Reproduce the data below exactly as written. Pictures do not belong in the copy.

Given data
....................
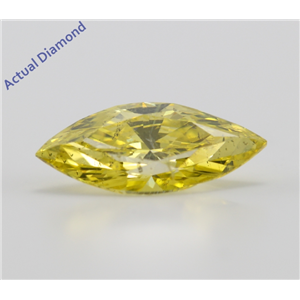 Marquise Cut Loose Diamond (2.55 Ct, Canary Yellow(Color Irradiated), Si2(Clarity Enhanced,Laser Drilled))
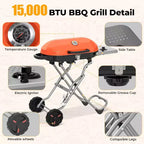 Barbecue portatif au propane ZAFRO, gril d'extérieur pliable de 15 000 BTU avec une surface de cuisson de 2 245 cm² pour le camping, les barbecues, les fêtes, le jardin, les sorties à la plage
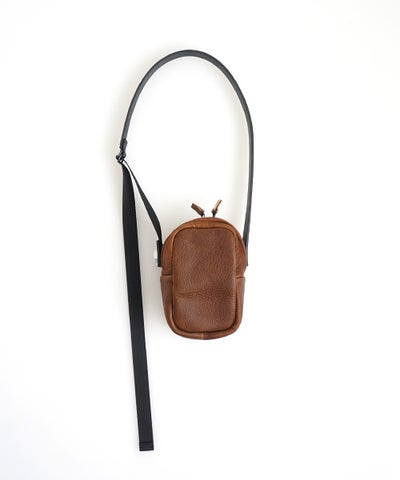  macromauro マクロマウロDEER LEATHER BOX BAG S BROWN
....................
Solved problem
 Marquise Cut Loose Diamond (2.55 Ct, Canary Yellow(Color Irradiated), Si2(Clarity Enhanced,Laser Drilled))
 Barbecue portatif au propane ZAFRO, gril d'extérieur pliable de 15 000 BTU avec une surface de cuisson de 2 245 cm² pour le camping, les barbecues, les fêtes, le jardin, les sorties à la plage
  macromauro マクロマウロDEER LEATHER BOX BAG S BROWN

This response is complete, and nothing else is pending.